↓
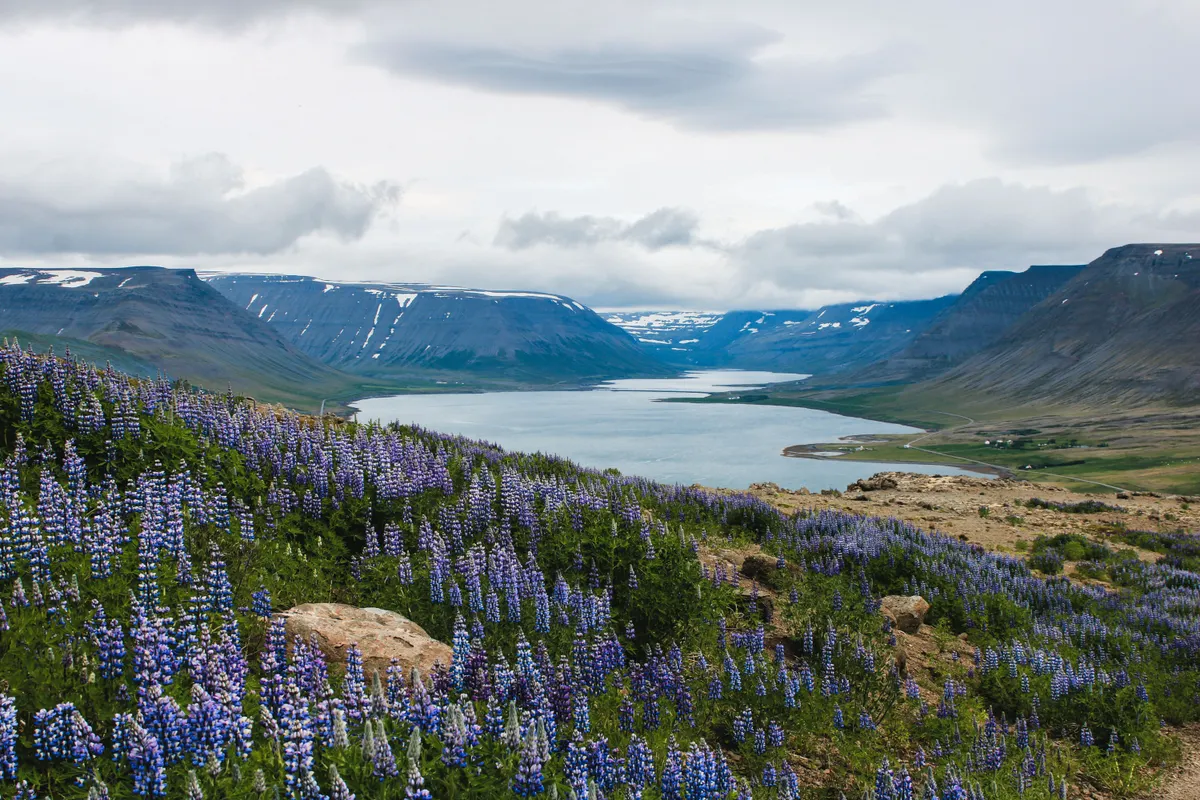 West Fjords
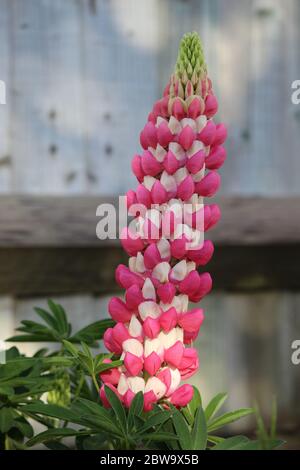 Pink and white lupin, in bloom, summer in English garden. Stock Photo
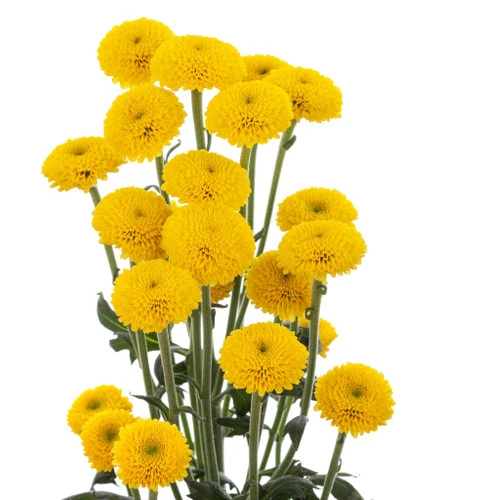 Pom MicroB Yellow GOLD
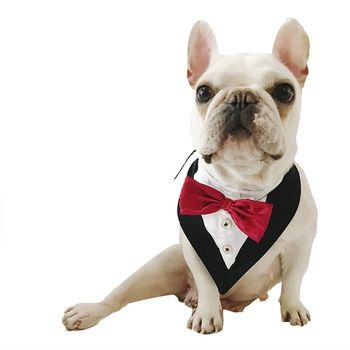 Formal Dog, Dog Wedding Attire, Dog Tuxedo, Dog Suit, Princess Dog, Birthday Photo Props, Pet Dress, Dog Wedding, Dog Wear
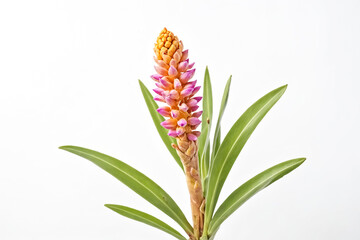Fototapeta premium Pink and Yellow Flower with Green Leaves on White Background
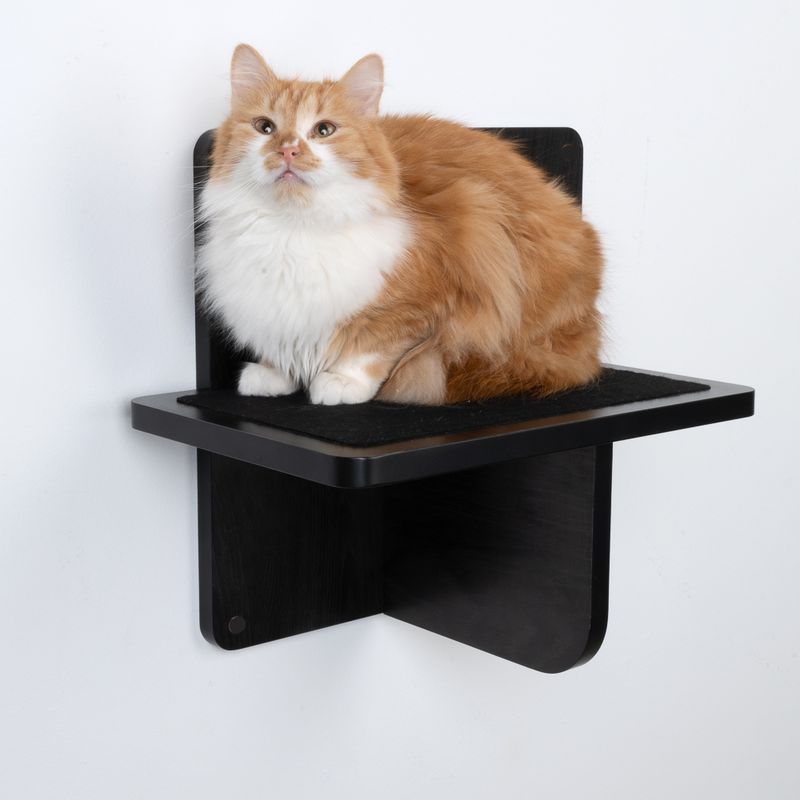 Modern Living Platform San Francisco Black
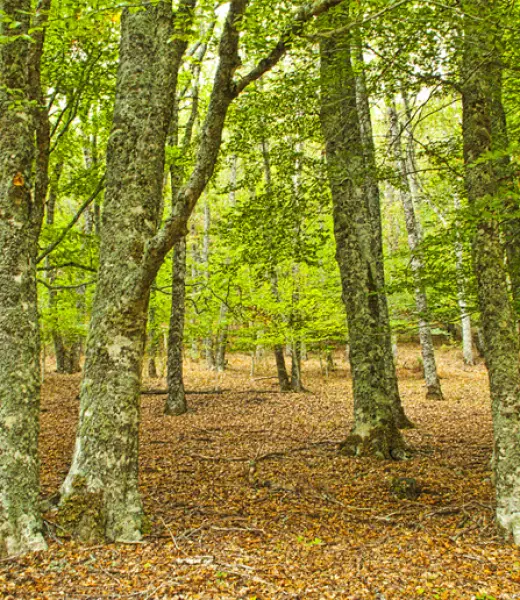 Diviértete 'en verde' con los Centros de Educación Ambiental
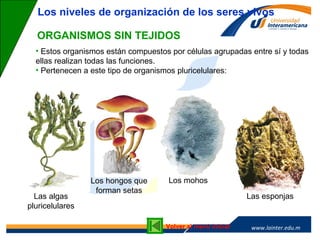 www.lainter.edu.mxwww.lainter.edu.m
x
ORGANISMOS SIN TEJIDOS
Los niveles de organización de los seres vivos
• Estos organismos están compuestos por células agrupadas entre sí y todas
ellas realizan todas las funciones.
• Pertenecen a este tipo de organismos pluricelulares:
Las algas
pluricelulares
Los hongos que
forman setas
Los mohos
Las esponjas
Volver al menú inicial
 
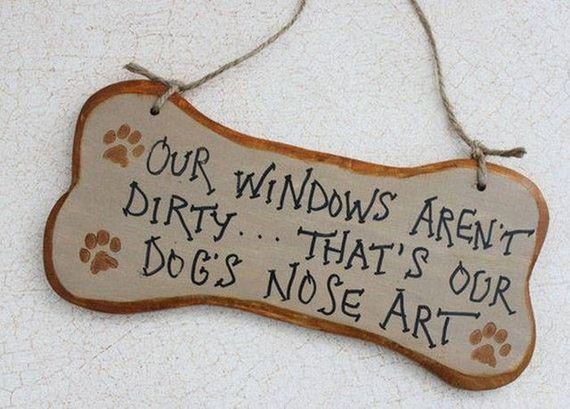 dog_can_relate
↑
↓
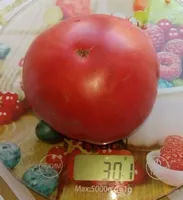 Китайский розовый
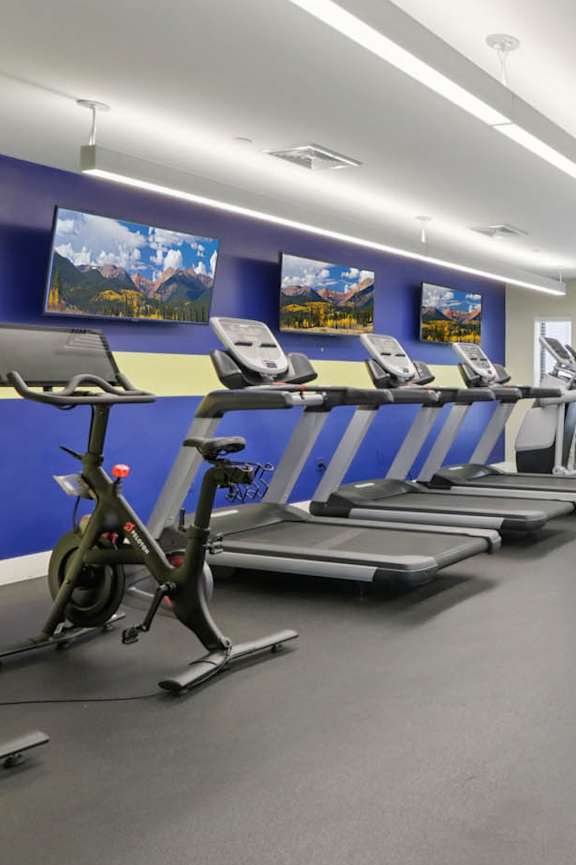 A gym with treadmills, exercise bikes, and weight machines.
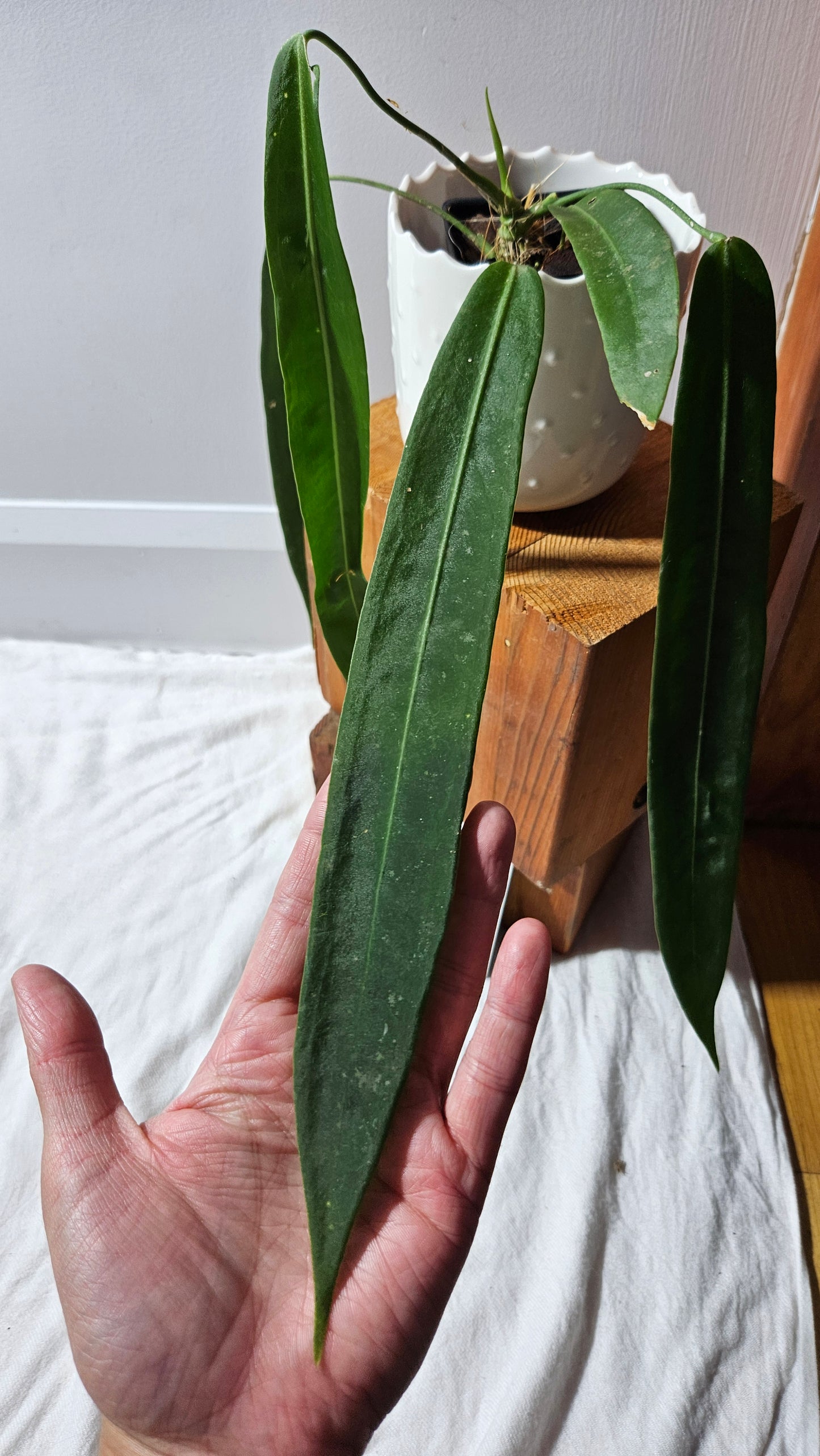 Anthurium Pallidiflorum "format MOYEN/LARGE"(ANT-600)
↑
--- Problem ---
Find and copy each line in the material above where the string "todas" occurs.

--- Solution for this problem ---
• Estos organismos están compuestos por células agrupadas entre sí y todas
ellas realizan todas las funciones.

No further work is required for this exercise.